» **Stored data entries**:
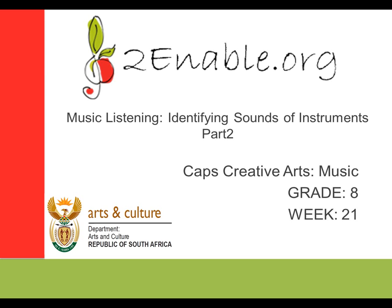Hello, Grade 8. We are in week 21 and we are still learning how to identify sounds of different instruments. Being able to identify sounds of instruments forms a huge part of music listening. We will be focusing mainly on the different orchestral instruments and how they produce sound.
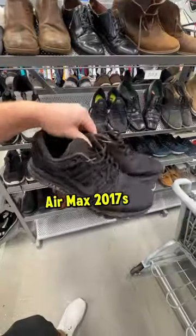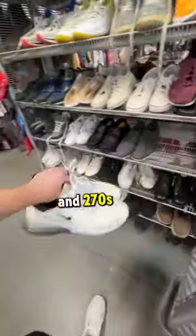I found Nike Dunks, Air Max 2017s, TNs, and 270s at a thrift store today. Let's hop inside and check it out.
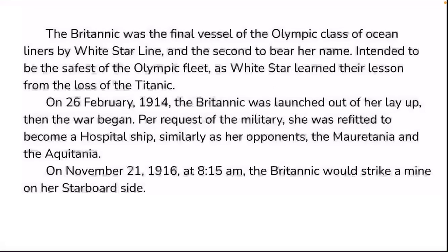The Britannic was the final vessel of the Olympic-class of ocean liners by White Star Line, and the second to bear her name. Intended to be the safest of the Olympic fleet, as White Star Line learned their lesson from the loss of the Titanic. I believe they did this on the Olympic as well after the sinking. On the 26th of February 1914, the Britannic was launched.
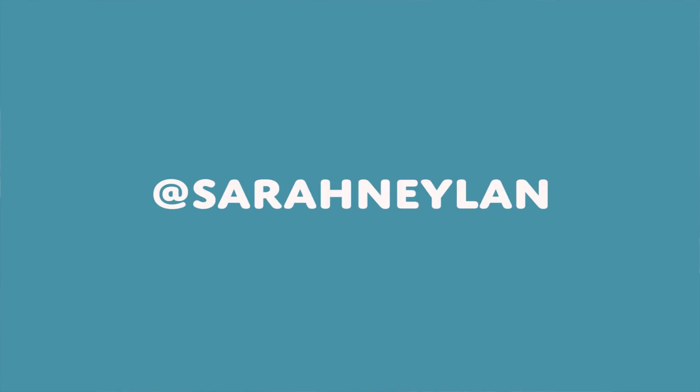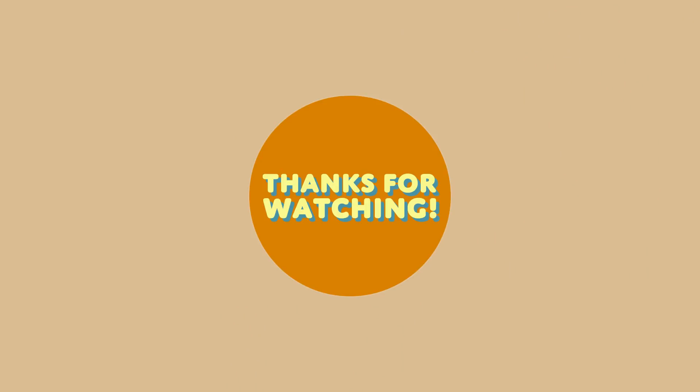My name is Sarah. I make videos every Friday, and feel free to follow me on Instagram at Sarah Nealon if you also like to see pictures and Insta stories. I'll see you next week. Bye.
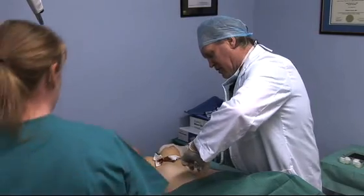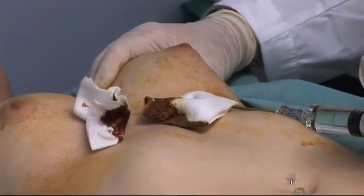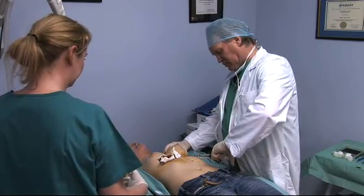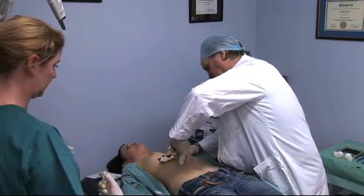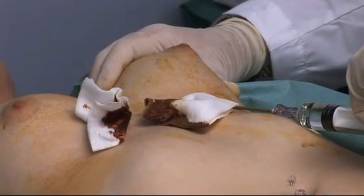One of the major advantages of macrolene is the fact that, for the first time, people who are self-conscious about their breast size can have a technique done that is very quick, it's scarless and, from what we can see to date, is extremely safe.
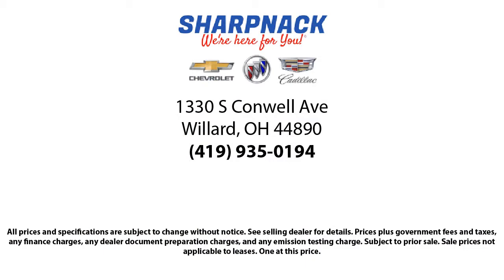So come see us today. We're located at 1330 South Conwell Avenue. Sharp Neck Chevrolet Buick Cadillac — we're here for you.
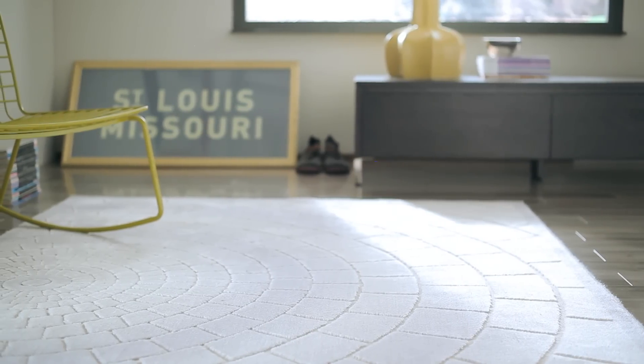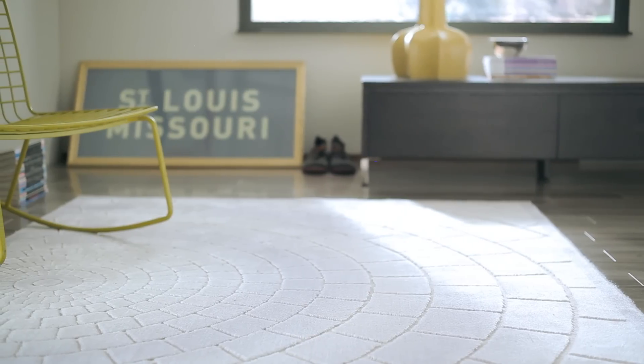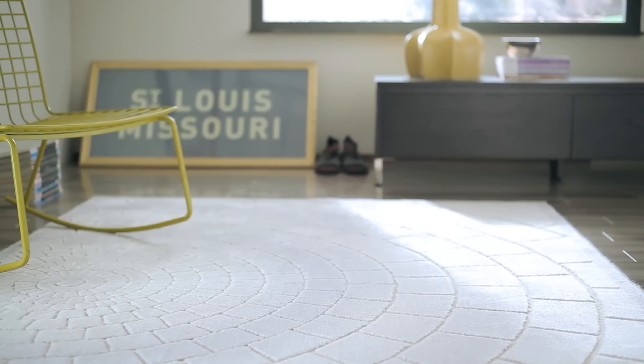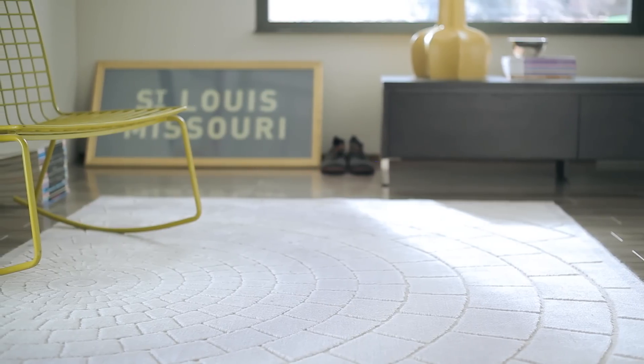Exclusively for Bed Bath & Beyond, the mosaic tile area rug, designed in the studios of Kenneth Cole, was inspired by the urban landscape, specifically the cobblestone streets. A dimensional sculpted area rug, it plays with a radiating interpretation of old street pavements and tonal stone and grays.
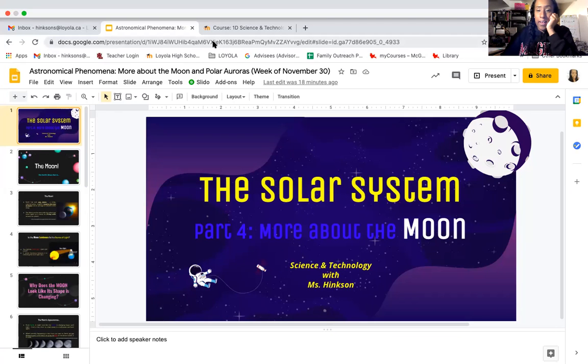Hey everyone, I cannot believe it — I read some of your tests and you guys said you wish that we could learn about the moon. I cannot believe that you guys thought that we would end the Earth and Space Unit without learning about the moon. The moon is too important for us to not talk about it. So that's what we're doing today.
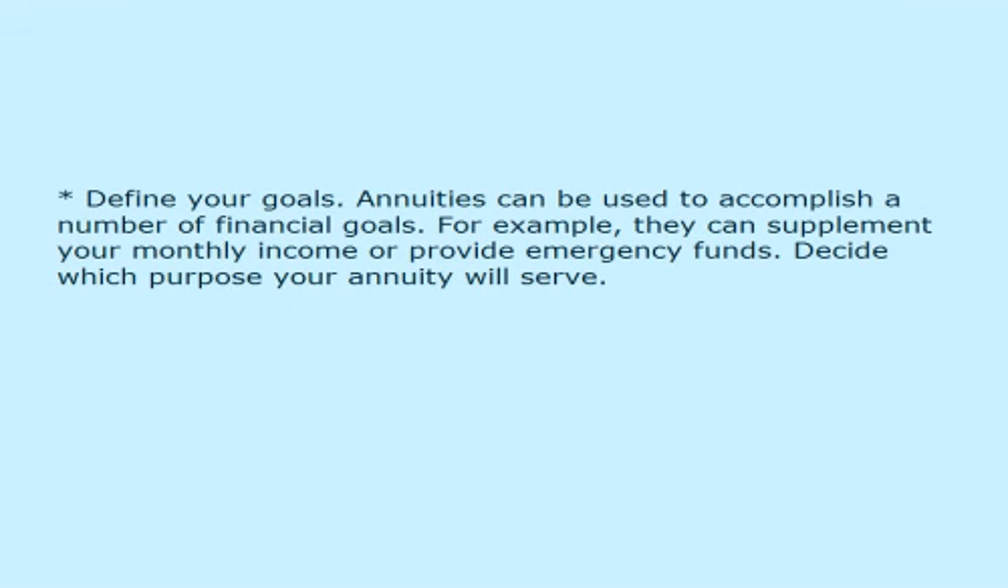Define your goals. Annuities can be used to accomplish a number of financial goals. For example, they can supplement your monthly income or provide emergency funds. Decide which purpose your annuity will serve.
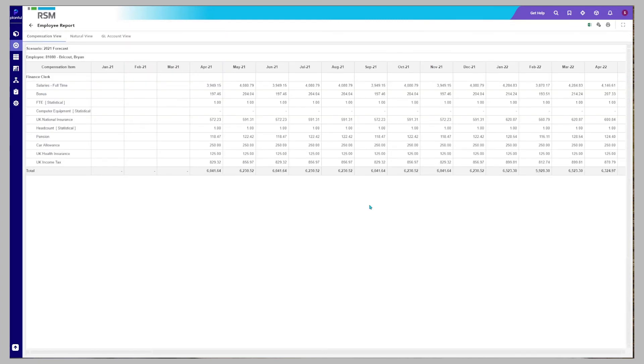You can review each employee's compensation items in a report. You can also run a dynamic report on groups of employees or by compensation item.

==

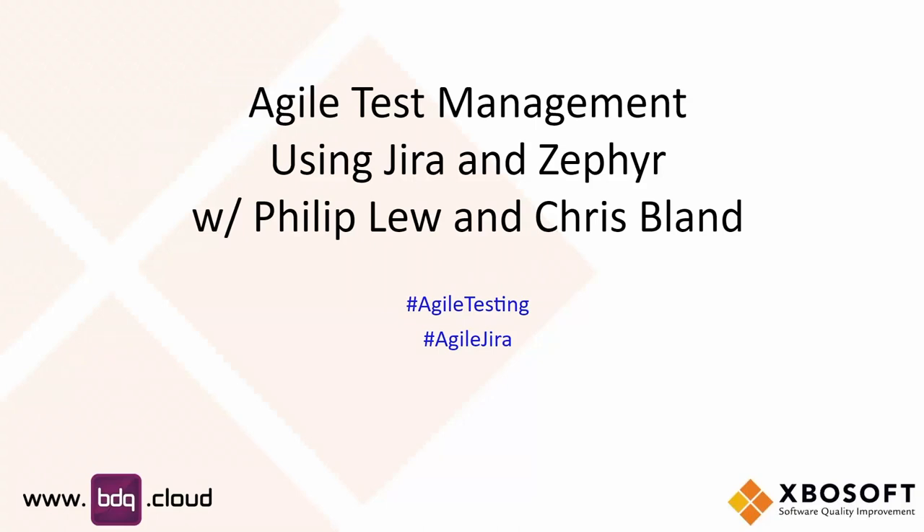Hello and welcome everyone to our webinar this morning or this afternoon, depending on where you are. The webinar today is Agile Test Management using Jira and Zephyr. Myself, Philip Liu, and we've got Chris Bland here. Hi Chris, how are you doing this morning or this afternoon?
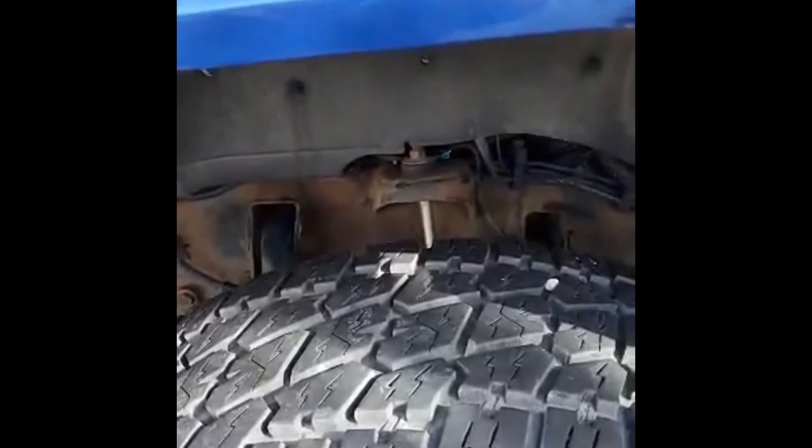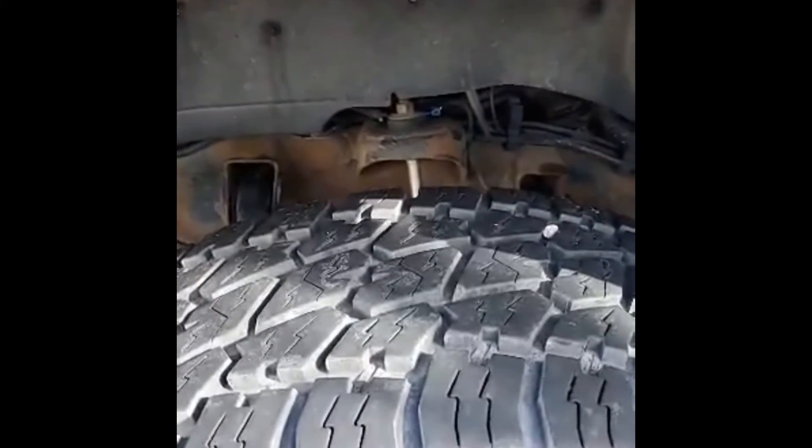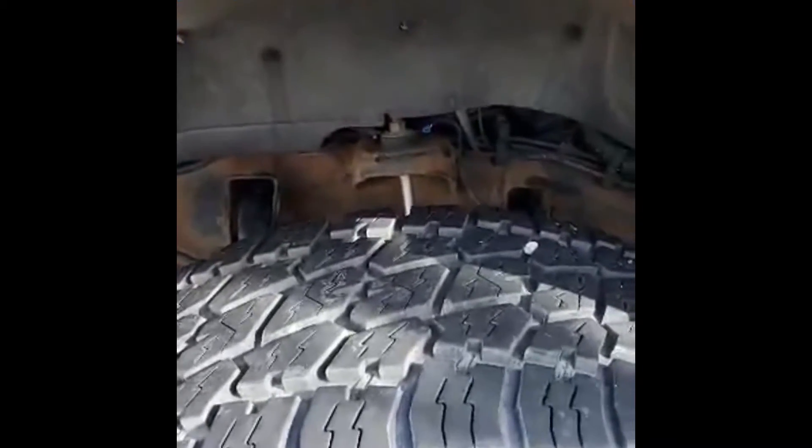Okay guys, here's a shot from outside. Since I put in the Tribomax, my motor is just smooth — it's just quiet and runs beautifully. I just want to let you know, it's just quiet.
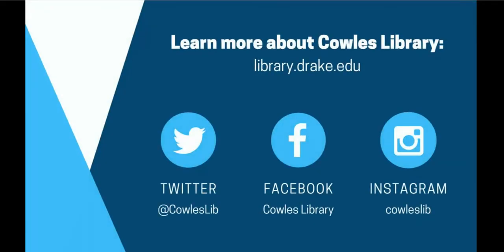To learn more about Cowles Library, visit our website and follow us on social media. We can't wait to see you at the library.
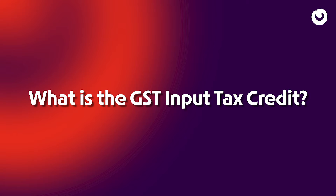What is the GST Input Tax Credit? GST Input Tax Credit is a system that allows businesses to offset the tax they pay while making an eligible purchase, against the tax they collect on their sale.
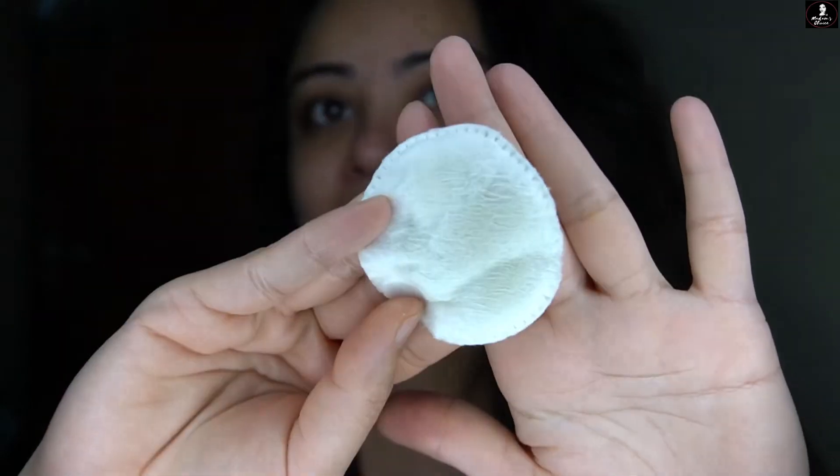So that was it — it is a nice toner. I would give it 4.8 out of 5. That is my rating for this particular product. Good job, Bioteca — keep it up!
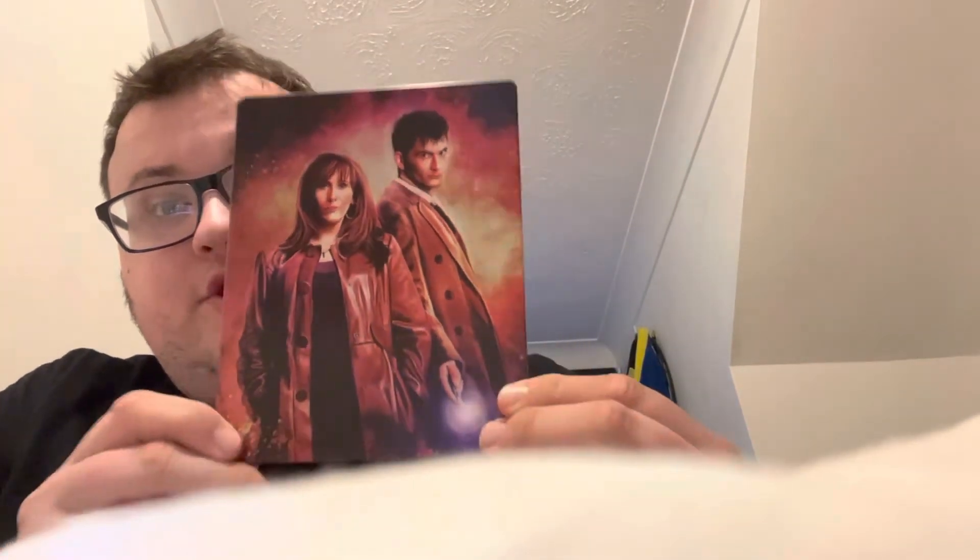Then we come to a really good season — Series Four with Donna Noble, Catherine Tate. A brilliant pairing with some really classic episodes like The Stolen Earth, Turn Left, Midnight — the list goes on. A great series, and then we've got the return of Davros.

» **Activity**: Output exactly the lines above that lie between the line with "Hello, Grade 8." and the line with "My name is Sarah.", those two lines included, and no pictures.

» **Your response**:
Hello, Grade 8. We are in week 21 and we are still learning how to identify sounds of different instruments. Being able to identify sounds of instruments forms a huge part of music listening. We will be focusing mainly on the different orchestral instruments and how they produce sound.
I found Nike Dunks, Air Max 2017s, TNs, and 270s at a thrift store today. Let's hop inside and check it out.
The Britannic was the final vessel of the Olympic-class of ocean liners by White Star Line, and the second to bear her name. Intended to be the safest of the Olympic fleet, as White Star Line learned their lesson from the loss of the Titanic. I believe they did this on the Olympic as well after the sinking. On the 26th of February 1914, the Britannic was launched.
My name is Sarah. I make videos every Friday, and feel free to follow me on Instagram at Sarah Nealon if you also like to see pictures and Insta stories. I'll see you next week. Bye.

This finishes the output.